Insurers will also receive lower reinsurance commission income, a significant source of profit. This is because there will be less insurable commercial and projects business, which GCC insurers largely cede to reinsurers,Retail customers will opt for cheaper forms of compulsory cover, and reduce their purchases of non-compulsory cover.
“Lower premiums will exacerbate already intense competition in the GCC insurance markets. Smaller players with weak liquidity buffers, and therefore more reliant on premium inflows, will further reduce pricing to secure inflows,” said Londe.
Moody’s expects claims will also likely be higher due to an uptick in events and travel cancellations, albeit will remain manageable as the insurers’ net exposure is limited by reinsurance.
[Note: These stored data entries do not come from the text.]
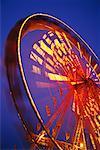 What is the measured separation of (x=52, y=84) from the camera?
143cm

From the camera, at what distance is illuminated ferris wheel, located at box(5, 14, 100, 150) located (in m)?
1.25

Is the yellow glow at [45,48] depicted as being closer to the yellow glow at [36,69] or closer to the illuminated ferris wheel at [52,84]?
the illuminated ferris wheel at [52,84]

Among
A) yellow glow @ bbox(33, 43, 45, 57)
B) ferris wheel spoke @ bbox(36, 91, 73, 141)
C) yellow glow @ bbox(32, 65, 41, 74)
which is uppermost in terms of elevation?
yellow glow @ bbox(33, 43, 45, 57)

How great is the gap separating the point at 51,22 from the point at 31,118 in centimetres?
55

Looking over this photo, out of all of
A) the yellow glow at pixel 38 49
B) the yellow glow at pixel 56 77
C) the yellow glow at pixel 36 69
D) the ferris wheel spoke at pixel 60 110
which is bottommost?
the ferris wheel spoke at pixel 60 110

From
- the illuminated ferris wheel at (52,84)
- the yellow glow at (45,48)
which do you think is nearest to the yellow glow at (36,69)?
the illuminated ferris wheel at (52,84)

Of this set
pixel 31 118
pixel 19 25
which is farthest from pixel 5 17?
pixel 31 118

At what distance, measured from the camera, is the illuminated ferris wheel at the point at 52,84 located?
1249mm

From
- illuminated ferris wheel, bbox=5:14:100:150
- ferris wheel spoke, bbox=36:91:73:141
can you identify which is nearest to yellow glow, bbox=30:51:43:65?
illuminated ferris wheel, bbox=5:14:100:150

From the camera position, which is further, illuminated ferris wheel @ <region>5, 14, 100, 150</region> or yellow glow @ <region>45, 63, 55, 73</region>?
yellow glow @ <region>45, 63, 55, 73</region>

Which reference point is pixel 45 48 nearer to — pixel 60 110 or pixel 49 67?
pixel 49 67

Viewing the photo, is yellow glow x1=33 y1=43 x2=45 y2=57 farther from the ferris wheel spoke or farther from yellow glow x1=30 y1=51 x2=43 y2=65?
the ferris wheel spoke

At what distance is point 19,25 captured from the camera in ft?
4.47

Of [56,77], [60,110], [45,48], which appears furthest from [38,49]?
[60,110] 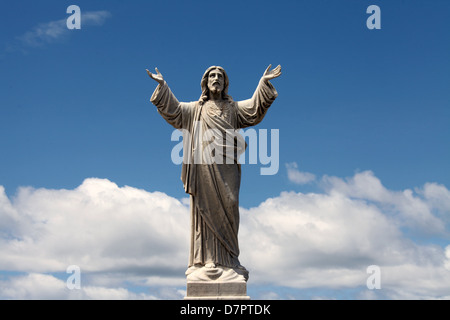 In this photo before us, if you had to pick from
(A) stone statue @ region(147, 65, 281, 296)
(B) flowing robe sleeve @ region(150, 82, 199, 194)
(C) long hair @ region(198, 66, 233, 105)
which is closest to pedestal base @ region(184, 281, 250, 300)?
(A) stone statue @ region(147, 65, 281, 296)

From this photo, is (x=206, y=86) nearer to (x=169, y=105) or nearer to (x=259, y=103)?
(x=169, y=105)

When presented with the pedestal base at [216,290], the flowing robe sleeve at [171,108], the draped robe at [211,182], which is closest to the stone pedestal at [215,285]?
the pedestal base at [216,290]

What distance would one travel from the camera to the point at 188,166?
1297cm

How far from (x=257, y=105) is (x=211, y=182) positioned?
7.40 ft

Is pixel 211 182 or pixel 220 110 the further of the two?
pixel 220 110

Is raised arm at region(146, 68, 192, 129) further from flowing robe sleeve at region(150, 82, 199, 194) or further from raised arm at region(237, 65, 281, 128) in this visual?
raised arm at region(237, 65, 281, 128)

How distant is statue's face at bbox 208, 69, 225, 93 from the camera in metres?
13.3

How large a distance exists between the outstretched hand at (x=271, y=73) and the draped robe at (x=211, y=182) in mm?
123

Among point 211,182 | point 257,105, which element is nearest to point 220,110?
point 257,105

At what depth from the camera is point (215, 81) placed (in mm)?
13297

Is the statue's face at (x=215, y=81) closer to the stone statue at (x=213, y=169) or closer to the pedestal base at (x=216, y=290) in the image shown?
the stone statue at (x=213, y=169) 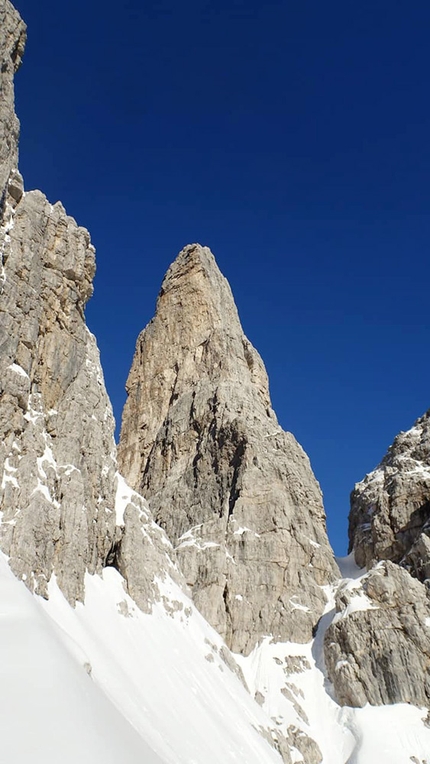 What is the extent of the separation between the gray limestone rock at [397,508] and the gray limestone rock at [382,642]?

The current crisis will also likely increase delays in the recovery of insurance and reinsurance receivables, which GCC insurers hold in large volumes on their balance sheets, hence potentially further hitting their profitability and capital.
Equity market impact
Insurance companies in the region have varying, but often significant, exposure to equity markets. As equity markets have slumped, Moody’s expects insurers’ capital adequacy ratios to have deteriorated. Most exposed markets include Kuwait, Qatar and UAE.
GCC equity markets fell by as much as 35 per cent between year-end 2019 and late March, before partially recovering in response to government stimulus packages. As a result we expect insurers’ capital adequacy to have deteriorated.
The rating agency sees further pressure on the sector’s capitalisation could arise if real estate valuations go down, or if credit risk rises, which is likely if economic and market conditions do not improve in the next 18 months. Insurers with weak liquidity buffers will be more impacted as they may be forced to realise investment losses to pay claims.